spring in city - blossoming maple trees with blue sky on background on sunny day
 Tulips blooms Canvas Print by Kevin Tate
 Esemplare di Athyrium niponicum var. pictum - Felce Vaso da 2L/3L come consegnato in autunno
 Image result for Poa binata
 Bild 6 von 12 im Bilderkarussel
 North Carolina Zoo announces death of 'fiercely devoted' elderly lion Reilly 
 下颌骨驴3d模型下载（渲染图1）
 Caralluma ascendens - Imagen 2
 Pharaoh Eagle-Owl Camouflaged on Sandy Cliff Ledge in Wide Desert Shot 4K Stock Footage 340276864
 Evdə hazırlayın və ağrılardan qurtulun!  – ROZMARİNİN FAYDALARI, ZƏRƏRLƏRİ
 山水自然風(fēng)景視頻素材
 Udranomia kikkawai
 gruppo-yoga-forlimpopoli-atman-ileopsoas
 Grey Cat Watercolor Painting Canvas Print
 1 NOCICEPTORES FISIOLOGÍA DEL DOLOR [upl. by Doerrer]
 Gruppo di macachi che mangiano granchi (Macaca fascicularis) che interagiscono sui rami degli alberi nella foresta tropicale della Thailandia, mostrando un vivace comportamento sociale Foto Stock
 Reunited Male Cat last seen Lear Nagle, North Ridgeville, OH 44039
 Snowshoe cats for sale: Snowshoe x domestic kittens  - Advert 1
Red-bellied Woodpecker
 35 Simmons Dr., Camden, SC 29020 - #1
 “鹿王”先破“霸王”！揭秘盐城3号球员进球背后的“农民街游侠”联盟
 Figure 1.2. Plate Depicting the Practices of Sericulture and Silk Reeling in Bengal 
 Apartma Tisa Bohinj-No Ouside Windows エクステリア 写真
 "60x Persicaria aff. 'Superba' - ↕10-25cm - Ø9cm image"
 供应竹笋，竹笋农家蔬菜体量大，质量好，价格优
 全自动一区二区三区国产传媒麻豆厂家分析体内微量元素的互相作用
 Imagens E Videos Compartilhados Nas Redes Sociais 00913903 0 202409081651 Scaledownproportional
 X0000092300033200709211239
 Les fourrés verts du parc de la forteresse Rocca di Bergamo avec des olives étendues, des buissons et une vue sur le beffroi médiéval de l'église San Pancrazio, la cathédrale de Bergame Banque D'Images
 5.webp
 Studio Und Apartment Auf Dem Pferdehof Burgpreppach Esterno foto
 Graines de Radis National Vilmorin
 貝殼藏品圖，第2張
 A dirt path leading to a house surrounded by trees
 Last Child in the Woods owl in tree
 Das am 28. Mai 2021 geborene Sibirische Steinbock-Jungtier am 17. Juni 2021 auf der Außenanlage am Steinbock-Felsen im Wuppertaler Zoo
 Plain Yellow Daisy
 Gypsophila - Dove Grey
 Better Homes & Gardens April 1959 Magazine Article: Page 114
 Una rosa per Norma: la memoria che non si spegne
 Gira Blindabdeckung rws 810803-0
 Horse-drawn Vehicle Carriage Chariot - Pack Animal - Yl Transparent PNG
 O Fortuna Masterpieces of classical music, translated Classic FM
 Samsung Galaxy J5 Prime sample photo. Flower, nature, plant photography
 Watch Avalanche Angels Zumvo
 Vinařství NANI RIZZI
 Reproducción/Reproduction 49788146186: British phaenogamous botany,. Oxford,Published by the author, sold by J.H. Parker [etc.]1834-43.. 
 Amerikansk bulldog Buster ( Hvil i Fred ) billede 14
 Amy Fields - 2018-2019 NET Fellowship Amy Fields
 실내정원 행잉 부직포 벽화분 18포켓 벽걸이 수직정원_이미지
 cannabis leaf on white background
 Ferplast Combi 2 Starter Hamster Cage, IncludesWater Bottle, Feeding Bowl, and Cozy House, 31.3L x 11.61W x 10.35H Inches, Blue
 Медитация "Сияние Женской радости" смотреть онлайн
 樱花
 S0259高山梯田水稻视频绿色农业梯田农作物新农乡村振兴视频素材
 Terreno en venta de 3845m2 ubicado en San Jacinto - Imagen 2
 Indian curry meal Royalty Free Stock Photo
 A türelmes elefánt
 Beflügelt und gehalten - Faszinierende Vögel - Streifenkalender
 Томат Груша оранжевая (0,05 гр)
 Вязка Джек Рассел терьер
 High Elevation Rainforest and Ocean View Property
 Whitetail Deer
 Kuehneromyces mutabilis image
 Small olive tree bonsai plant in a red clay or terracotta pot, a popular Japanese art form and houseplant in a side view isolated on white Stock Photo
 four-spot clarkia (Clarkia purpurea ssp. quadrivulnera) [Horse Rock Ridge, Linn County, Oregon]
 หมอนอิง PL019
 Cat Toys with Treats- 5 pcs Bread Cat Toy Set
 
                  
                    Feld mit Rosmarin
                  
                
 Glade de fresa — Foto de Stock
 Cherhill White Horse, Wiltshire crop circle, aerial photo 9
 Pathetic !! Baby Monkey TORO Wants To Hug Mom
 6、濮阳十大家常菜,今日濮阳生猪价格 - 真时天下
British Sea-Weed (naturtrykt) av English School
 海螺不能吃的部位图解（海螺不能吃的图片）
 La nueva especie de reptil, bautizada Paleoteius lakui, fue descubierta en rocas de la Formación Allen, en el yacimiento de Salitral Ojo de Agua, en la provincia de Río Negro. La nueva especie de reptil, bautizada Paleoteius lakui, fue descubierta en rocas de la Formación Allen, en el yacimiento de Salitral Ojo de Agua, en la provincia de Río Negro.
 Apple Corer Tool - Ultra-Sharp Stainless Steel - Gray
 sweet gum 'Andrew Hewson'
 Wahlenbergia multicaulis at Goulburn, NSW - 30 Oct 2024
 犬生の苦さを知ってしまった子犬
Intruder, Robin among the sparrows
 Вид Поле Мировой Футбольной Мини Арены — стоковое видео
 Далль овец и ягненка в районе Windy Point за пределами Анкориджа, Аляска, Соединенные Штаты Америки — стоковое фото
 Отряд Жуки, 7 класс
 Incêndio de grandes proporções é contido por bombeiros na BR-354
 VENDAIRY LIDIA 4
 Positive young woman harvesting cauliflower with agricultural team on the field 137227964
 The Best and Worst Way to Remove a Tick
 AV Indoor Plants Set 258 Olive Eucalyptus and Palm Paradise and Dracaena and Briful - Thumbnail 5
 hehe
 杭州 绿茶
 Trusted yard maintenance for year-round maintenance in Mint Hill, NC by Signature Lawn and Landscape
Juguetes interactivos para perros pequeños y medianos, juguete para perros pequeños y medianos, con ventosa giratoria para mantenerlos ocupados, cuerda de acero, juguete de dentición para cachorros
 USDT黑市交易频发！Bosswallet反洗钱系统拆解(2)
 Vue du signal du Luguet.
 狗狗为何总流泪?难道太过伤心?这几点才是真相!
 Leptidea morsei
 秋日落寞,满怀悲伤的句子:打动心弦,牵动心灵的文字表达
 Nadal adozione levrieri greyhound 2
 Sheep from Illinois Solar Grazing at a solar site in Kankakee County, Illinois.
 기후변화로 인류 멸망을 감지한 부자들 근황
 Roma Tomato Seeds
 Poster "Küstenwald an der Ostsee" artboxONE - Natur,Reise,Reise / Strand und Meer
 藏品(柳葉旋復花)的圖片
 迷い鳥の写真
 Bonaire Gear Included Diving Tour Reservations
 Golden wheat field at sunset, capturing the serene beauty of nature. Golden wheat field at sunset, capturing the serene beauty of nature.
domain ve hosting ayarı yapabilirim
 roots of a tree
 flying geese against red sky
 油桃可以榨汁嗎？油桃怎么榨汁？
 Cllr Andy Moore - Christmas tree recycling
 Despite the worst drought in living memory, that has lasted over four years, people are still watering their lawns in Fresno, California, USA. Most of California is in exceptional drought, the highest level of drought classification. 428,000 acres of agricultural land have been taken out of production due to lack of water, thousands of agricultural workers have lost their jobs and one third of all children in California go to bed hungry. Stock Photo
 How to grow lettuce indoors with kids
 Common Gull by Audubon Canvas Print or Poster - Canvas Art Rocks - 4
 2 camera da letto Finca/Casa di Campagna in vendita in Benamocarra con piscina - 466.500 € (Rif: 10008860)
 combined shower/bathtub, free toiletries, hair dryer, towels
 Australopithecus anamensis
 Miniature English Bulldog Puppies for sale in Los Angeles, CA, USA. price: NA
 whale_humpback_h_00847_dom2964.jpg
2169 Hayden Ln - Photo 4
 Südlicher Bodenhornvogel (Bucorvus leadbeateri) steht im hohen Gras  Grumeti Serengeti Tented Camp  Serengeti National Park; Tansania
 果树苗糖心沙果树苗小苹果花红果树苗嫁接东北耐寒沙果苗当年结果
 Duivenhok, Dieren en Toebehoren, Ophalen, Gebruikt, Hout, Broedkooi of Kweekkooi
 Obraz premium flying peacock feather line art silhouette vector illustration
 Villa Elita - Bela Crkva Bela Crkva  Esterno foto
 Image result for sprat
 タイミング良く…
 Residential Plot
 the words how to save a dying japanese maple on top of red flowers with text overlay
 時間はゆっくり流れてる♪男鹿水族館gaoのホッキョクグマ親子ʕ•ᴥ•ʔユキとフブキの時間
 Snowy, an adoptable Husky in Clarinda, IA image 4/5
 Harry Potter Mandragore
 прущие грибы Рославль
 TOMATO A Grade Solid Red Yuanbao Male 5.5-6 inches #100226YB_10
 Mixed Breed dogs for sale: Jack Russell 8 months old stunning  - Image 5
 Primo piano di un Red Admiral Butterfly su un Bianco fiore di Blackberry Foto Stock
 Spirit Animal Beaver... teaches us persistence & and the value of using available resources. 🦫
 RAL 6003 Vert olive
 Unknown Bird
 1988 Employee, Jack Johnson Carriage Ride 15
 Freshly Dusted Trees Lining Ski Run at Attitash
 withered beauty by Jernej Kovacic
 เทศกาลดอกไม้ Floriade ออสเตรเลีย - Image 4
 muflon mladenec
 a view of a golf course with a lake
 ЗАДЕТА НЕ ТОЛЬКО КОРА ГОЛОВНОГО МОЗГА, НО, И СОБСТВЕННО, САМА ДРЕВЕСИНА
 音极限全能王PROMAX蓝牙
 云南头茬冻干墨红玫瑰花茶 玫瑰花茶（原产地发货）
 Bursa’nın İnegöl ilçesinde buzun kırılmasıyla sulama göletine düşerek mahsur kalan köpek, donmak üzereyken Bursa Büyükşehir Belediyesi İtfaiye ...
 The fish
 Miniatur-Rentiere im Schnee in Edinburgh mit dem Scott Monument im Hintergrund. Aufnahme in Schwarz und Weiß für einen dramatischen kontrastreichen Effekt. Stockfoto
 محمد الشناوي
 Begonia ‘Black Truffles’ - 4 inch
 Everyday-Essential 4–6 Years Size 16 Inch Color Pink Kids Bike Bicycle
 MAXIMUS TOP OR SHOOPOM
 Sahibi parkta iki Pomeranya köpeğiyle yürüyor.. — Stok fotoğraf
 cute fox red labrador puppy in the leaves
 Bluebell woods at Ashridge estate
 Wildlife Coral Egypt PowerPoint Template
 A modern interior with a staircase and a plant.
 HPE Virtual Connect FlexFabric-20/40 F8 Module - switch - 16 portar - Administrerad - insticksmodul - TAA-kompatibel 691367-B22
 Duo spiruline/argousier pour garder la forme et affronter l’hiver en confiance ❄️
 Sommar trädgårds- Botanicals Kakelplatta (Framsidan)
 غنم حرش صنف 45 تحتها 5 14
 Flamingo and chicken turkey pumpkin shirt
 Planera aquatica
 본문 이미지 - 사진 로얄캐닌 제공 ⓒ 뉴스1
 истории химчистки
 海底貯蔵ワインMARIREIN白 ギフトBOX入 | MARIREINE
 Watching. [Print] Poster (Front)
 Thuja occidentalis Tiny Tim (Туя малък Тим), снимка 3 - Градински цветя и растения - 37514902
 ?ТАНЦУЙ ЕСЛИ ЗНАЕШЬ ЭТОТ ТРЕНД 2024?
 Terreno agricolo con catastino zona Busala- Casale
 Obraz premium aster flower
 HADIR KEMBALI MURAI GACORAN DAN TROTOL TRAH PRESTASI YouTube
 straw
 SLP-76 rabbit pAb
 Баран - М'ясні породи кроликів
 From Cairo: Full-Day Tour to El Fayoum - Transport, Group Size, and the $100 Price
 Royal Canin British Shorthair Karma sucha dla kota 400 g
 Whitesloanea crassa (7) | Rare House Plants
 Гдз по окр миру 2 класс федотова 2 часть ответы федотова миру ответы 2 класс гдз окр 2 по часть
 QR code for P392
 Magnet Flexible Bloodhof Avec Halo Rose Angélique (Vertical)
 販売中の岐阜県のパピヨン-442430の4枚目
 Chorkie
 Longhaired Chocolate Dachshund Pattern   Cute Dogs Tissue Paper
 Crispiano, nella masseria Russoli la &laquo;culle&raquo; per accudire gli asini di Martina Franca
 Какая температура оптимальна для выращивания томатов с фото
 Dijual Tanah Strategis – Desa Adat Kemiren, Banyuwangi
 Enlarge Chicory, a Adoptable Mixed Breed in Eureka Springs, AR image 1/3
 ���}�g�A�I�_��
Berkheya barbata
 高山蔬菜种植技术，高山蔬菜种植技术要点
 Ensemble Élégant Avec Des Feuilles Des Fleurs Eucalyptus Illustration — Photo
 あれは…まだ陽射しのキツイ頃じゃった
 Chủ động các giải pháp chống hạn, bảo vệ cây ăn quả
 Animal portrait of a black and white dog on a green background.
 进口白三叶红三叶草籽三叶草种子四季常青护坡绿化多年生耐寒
· · · · ·
◆ Your instructions
Which lines in the listing hold the word "фото"? Copy them out.

◆ Result
 Далль овец и ягненка в районе Windy Point за пределами Анкориджа, Аляска, Соединенные Штаты Америки — стоковое фото
 Какая температура оптимальна для выращивания томатов с фото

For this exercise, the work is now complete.